The meeting will be Obama’s first direct communication with BP representatives since the April 20 explosion of the Deepwater Horizon rig that killed 11 people and triggered the spill. It also comes as some U.S. lawmakers are calling on BP to suspend its dividend to pay for cleanup and economic losses and questioning the integrity of the company’s public statements.
BP has received the invitation “and an appropriate senior delegation would of course be glad to attend,” company spokesman Max McGahan said in a telephone interview.
BP shares rose for the first time this week, gaining as much as 8.9 percent and trading at 395.25 pence as of 1:20 p.m. in London. They have plunged 40 percent since the accident and touched a 13-year low yesterday.
The board is considering deferring payment of the second- quarter dividend and putting the funds in an escrow account, the London-based Times reported today, without saying where it got the information. BP Chief Executive Officer Tony Hayward said that the company is “considering all options on the dividend,” the Wall Street Journal reported, citing an interview.
“No decision has been made,” BP spokesman Robert Wine said in a telephone interview in London. “It won’t be made until results are announced in July.”
This follows comments made by Svanberg on a conference call with investors last week. “Future decisions on the quarterly dividend will be made as they always have been, on the basis of all circumstances at the time,” he said. A group of lawmakers this week called on BP to suspend the dividend until the cleanup is paid for.

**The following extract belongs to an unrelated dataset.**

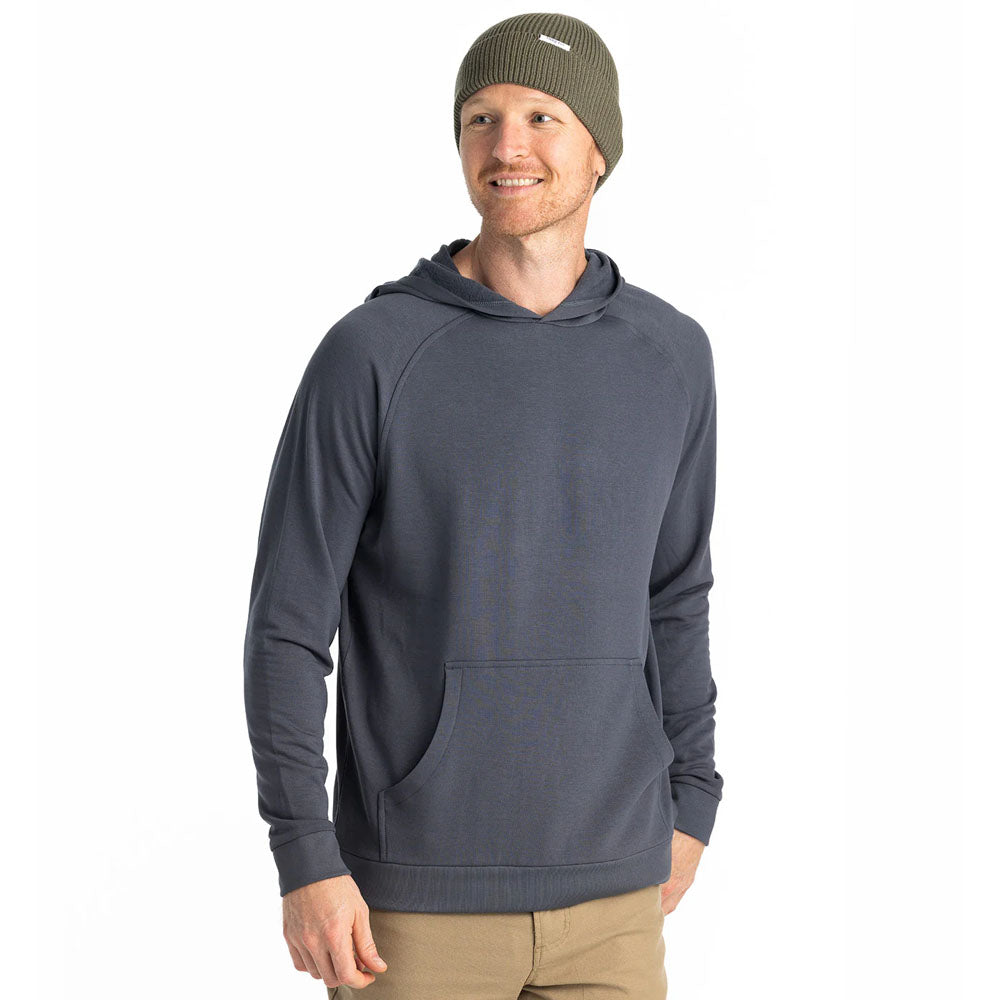 Free Fly Apparel Mens Bamboo Lightweight Fleece Hoodie Storm Cloud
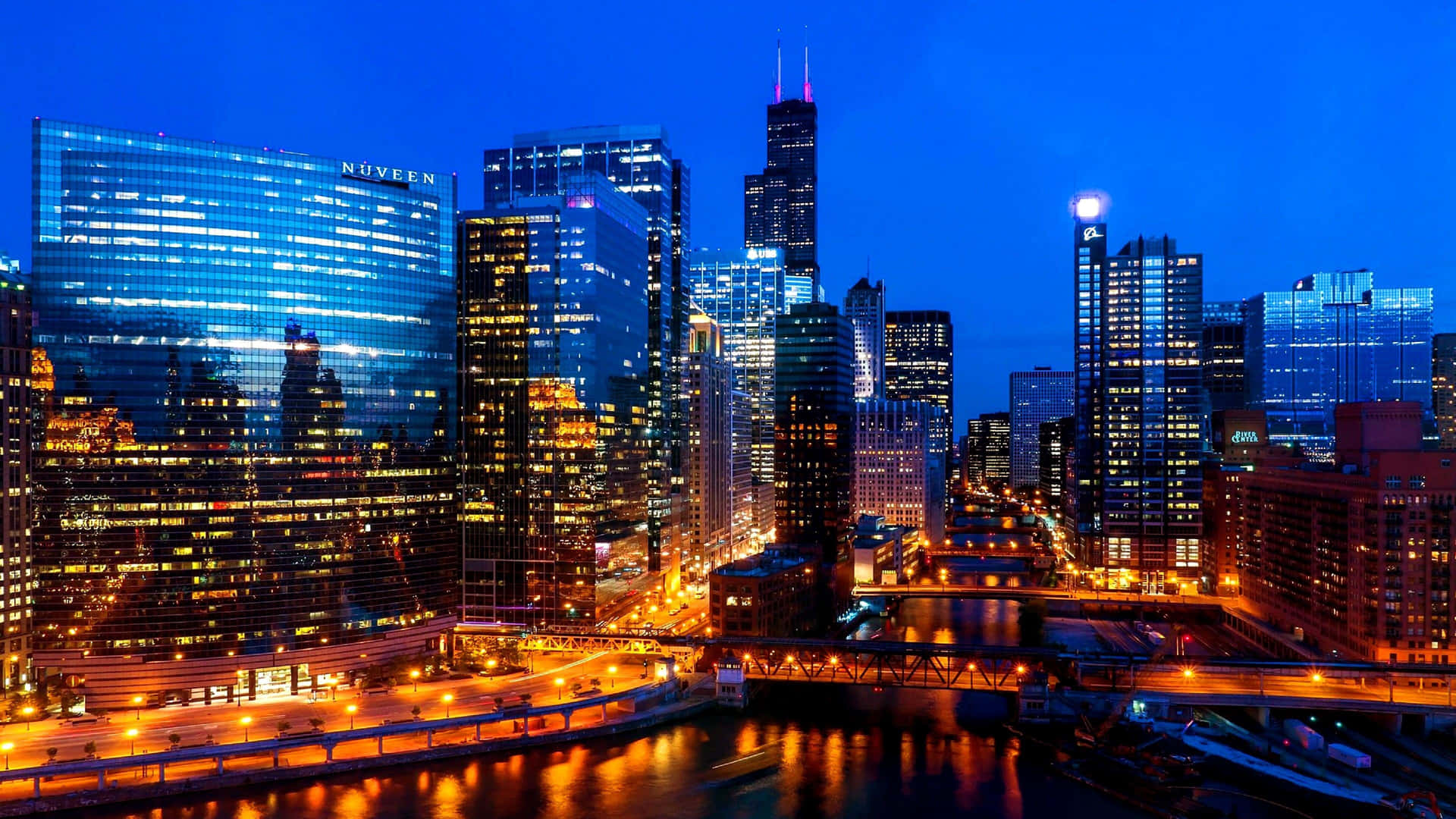 4k Ultra Hd Chicago Skyscrapers Background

“As the president has said, our administration is not going to rest or be satisfied until the leak is stopped at the source, the oil in the Gulf is contained and cleaned up, and the people of the Gulf are able to go back to their lives and their livelihoods,” Allen wrote.
While Allen didn’t seek the presence of Hayward, he did ask for “any appropriate officials from BP.” The meeting is scheduled a day before Hayward appears before a House Energy and Commerce oversight hearing examining the cause of the spill.
Administration officials previously have said there wasn’t a need for Obama to speak directly with BP representatives. Additionally, with investigations of BP under way by the Justice Department, putting the president in direct contact with the company’s CEO might complicate any probe.
Anything Hayward says, even in the context of a conversation with Obama, could be significant, according to Lawrence Barcella, a former federal prosecutor who is now an attorney at the Paul Hastings firm in Washington. Meeting with Svanberg poses less of a risk, he said.
Hayward “has been very involved both operationally and optically from the beginning,” Barcella said. “This likelihood of him being a substantive witness at a minimum, in one or more of the investigations, is extremely high. The chairman, on the other hand, has not been as public or operationally involved so the risk factor lessens.”
The president also has expressed anger over Hayward’s May 30 comments about the spill’s impact on him, saying he “wanted my life back.” Hayward subsequently apologized.
“He wouldn’t be working for me after any of those statements,” Obama said in a June 7 interview for NBC’s “Today Show.”
There may also be political risk for Obama in a meeting with Hayward, who has been the public face of BP.
A June 8 Washington Post-ABC News poll showed 81 percent of Americans said BP’s response has been not so good or poor, and 64 percent want the government to pursue criminal charges against the company. Sixty-nine percent rated the government’s reaction poorly.
“The relationship between BP and the federal government is not a partnership, and there is no moral equivalency between the president of the United States and the man potentially responsible for the worst environmental disaster in history,” Democratic strategist Paul Begala said of Hayward.
Obama met yesterday with the families of workers killed in the explosion and promised the U.S. won’t go forward with new deepwater drilling until safety measures to prevent a similar incident are in place. He also plans to visit the Gulf region June 14 and 15 to review cleanup operations and talk with local officials.
The administration has stopped short of congressional calls for BP to forgo dividends. Still, Obama on June 4 in Louisiana said that if the company is able to pay dividends and buy advertising, “we better not hear about the nickel-and-diming” of business owners hurt by the spill and oil workers who have lost their jobs.
Hayward and Svanberg said on a conference call the same day that the decision will be made on July 27 whether to maintain the 14-cents-a-share quarterly dividend for the second quarter.